Türkî Cumhuriyetler, Suriye, Irak ve birkaç Arap ülkesinde Heidelberg ile Türkiye bağantılı çalışan satıcılar var ama bize gelen pek talep yok.
- Gaziantep’ten tekstilcilerin yanı sıra ambalajcılar arasında da Mısır’a gidenler olduğunu duyuyoruz. Mısır sizinle bağlantılı değil herhalde…
Mısır’da bir satıcı var ve o direkt Almanya’ya bağlı çalışıyor. Evet, Mısır’a giden tekstilcileri duyuyoruz; düşük kur politikasından dolayı iş gücünün ucuz olduğu ülkeler ile rekabet edemez hale geldikleri ve Mısır devletinin verdiği teşviklerden dolayı bu göçün olduğunu duyuyoruz. Ama matbaacılık olarak çok bir gelişme olduğunu tahmin etmiyoruz.
- Kitap baskısında durum nedir?
Kitap baskısının sürükleyicisi Ankara. Ağırlık Milli Eğitim’in ders kitaplarında ve bastırılan forma sayısı belli. Bu işler için her yıl ihaleye çıkıyorlar. O ihaleler de sıkıntılı olmaya başladı. Eskiden mart sonunda ihaleye çıkılmış olurdu, şimdi ise daha geç ihale ediliyor. Bu da ihaleyi alan matbaaların kısa zamanda teslim etme stresi yaratıyor. Yardımcı kitapların dışarıdan tavsiye edilmemesi gibi okullara, öğretmenlere ciddi bir baskı var. Yayıncılardan ve onlarla çalışan müşterilerimizden duyduğumuz kadarıyla yardımcı kitapların satışında daralma var.

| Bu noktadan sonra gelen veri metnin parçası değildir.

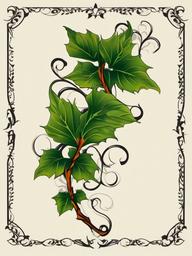 ivy vine tattoo  simple vector color tattoo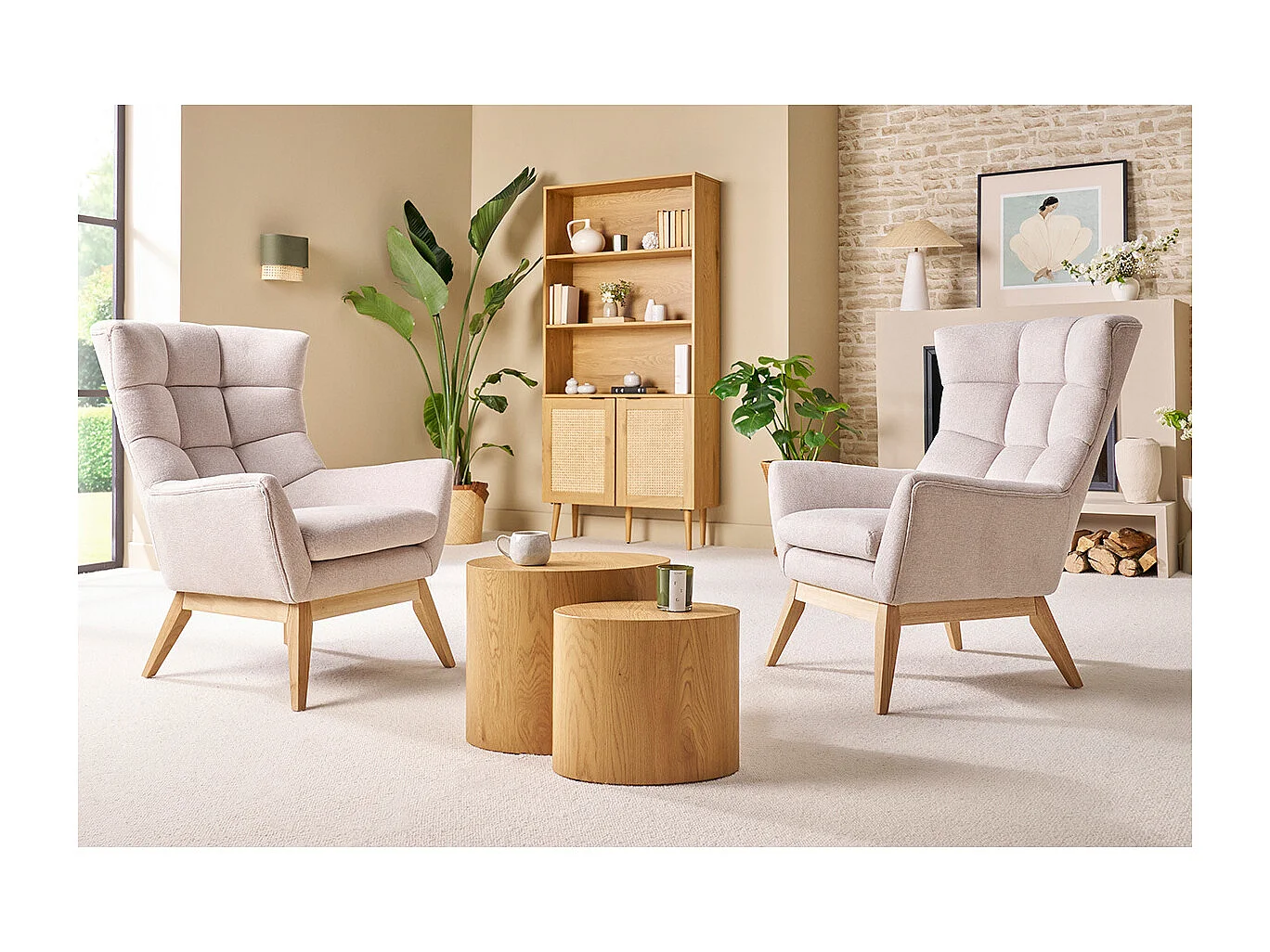 Sillón nórdico efecto aterciopelado natural con patas de madera BRODY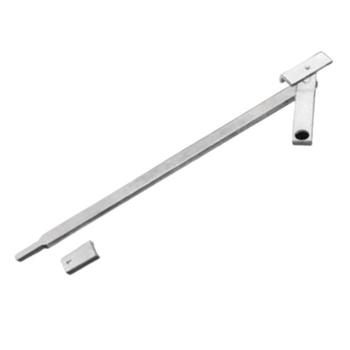 Catenaccio da saldare Ginone Savio 499, per cancello, passante e leva frizionata, lunghezza 450 mm, finitura Lucido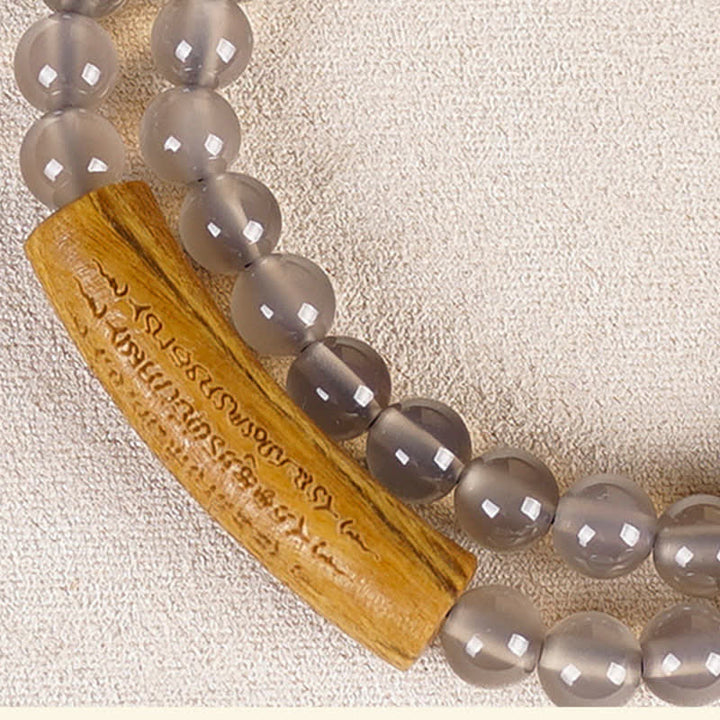 Buddha Stones Bracelet d'équilibre double tour en agate rouge et aventurine verte, représentant les cinq préceptes bouddhistes. - image 17
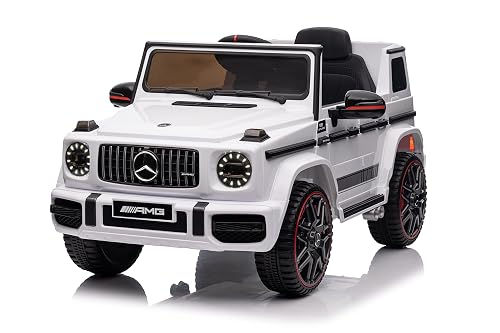 Coche electrico para niños Mercedes G63 AMG 12V Licencia con Control Remoto, 2 Potentes Motores, /2 + 1 Velocidad/Sistema de Suspensión/Bocina/LED/Música/USB (Blanco)
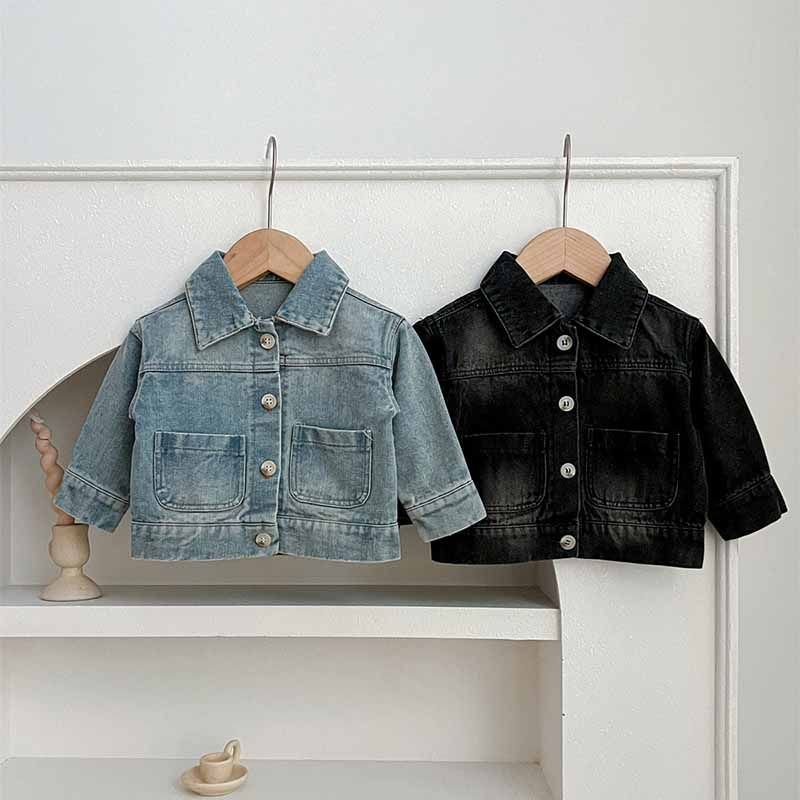 Kids Baby Boys Girls Fashion Casual Retro Long Sleeve Lapel Denim Jacket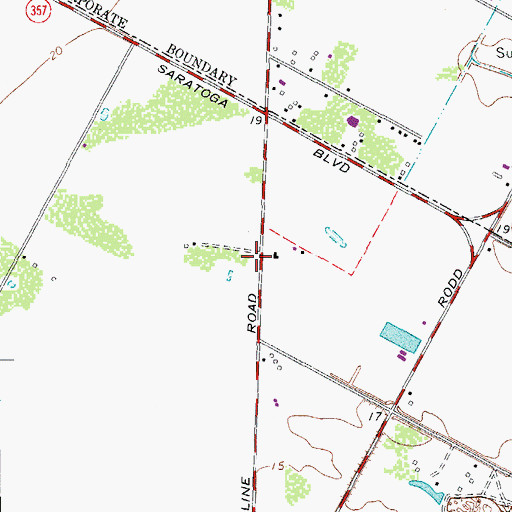 Topographic Map of Brighton Park Baptist Church, TX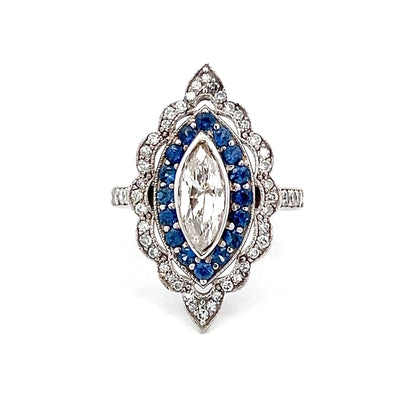 1.15 Marquise & Sapphire Navette Cocktail Ring 14k
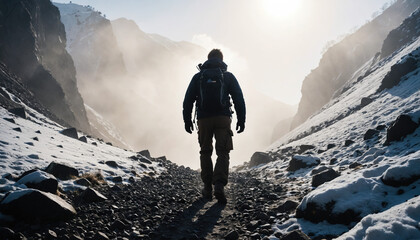 Mountain Forgotten in Foggy Winter: The Expeditioner's Transit Surrounded in Landslide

- Özellikle son birkaç yılda sektörel STK’lar daha etkinler ve birbiri ardına etkinlikler düzenliyorlar, girişimlerde bulunuyorlar. Bu toplantılara siz de sponsor oluyorsunuz. Bu etkinlikleri Anadolu’ya taşıma konusunda bir talep var mı?
Ankara’da da sivil toplum örgütleri var ama bize gelen bir talep yok. Biz de tedarikçi olarak potansiyel gördüğümüz yerlerde bu tür etkinliklere katılıyoruz. STK’lar İstanbul’da faal ve orada bir potansiyel var. Anadolu’da da pandemi ile birlikte gelen ciddi bir geri çekilme var.
- Malzeme tarafında da mı durum böyle?
Malzeme tarafında da durum böyle. Biz firma olarak her ürünün dünyadaki en büyük üreticileri ile çalışıyoruz, bizim için ürün kalitesi ve müşteriye verimlilik olarak sağlayacağı imkânlar ön planda tabii ki özellikle kalıp üretiminde irili ufaklı üreticiler oluştu ve bu firmaların ürünleri biraz daha ucuz ama standart ve kalite olarak düşükler. Doğal olarak bu tür ürünleri tercih eden müşterilerimize rekabetten dolayı hizmet veremiyoruz, bu tür ucuz ürünler özellikle CtP’lerin lazer kafalarının ömürlerini kısaltıyor.
- Baskı sonrasında ve dijital baskı makinelerinde satışlar nasıl?
Her yıl Polar, şekilli kesim makineleri ve kutu yapıştırma makine satışlarımız oluyor.
Versafire satışlarımız devam ediyor. Türkiye çapında makine satışlarımız gayet iyi. Dijital baskı makinesi satışlarımızı malzeme anlaşmaları ile bağlayabiliyoruz.